| HN Mirror

Y	Hacker News new \| ask \| show \| jobs

by ziggity 2444 days ago

And then 3 years later we have [0] and 6 years after that we have [1]. I appreciate Masters of the Universe types like Bloch and Lea contributing wickedly-efficient code, but somehow it's always mere mortals who end up mopping things up after the fact. Whether it's a bug in the actual algorithm or a "Comparison method violates its general contract!" exception that happens once in a blue moon, I think putting TimSort in Java was a mistake.

[0] https://dertompson.com/2012/11/23/sort-algorithm-changes-in-...

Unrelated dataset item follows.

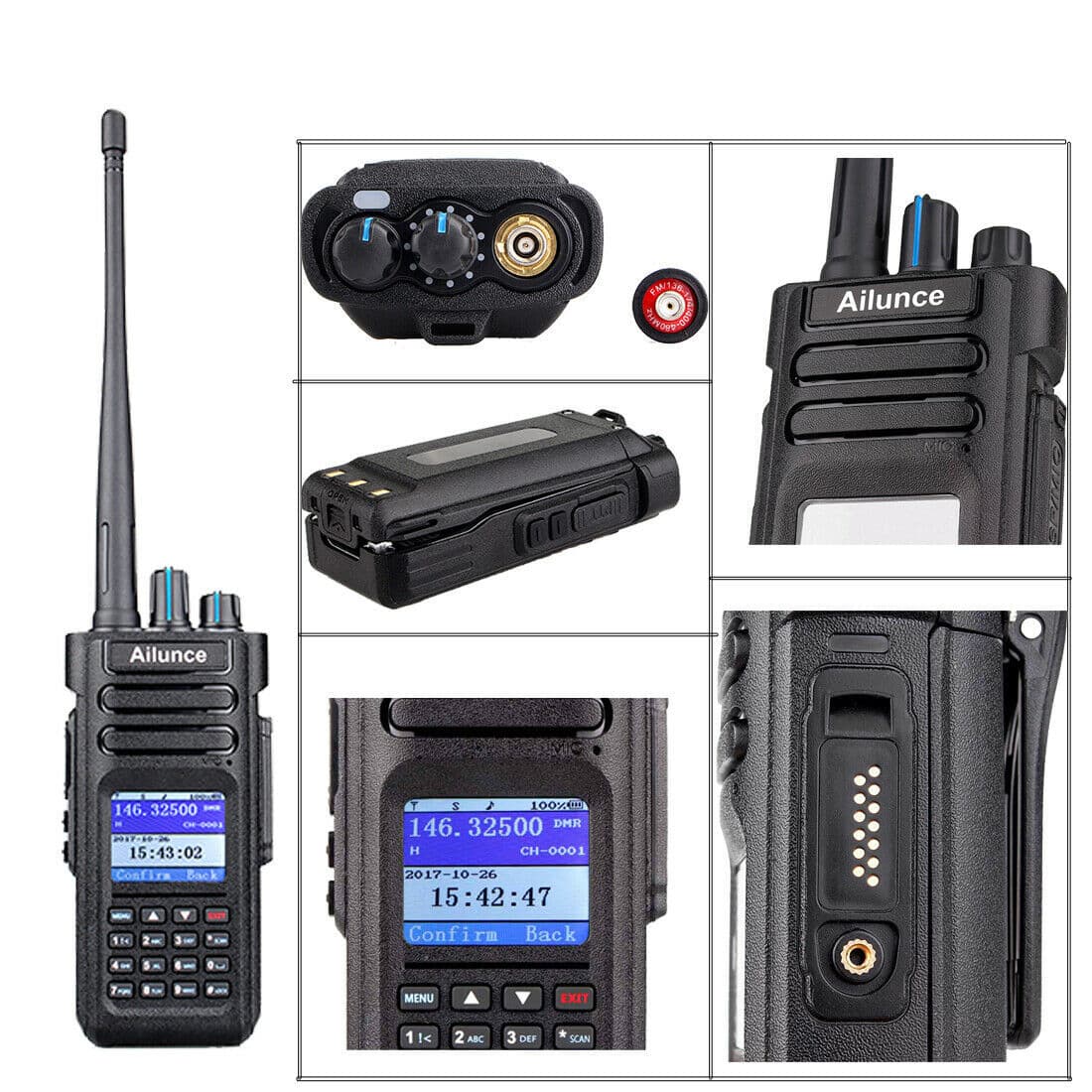 Ailunce HD1 GPS DMR Handheld Walkie Talkie Ham Radio Transceiver & Mic & USB 3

[1] https://bugs.openjdk.java.net/browse/JDK-8203864

2 comments

earenndil 2444 days ago

> I appreciate Masters of the Universe types like Bloch and Lea contributing wickedly-efficient code, but somehow it's always mere mortals who end up mopping things up after the fact

I think this is the wrong way to look at the problem. Progress is always iterative. If a given person happens to make a bigger iteration, then people call them 'masters of the universe', but that iteration isn't inherently different from the normal, smaller kind of iteration. And - consider: if every line of code has a chance of being buggy, then a bigger change is likelier to be more buggy. I say more buggy, rather than have more bugs, because bugginess is rarely disconnected; the whole conception is likely to be more flawed the newer it is. If we were to only accept small contributions then, somewhere along the way from here to the limit, we would arrive at timsort. And all the flaws of timsort wouldn't be gone, they would just be amortized into smaller chunks along the way from here to there. Which may be preferable, but that's something you have to consider; it's not so cut-and-dry as 'if we only make change conservatively, then we avoid catastrophic failure'.

All this not to mention that there are people who are 'masters of the universe' at fixing bugs.

mavelikara 2444 days ago

> I think this is the wrong way to look at the problem. Progress is always iterative. If a given person happens to make a bigger iteration, then people call them 'masters of the universe', but that iteration isn't inherently different from the normal, smaller kind of iteration.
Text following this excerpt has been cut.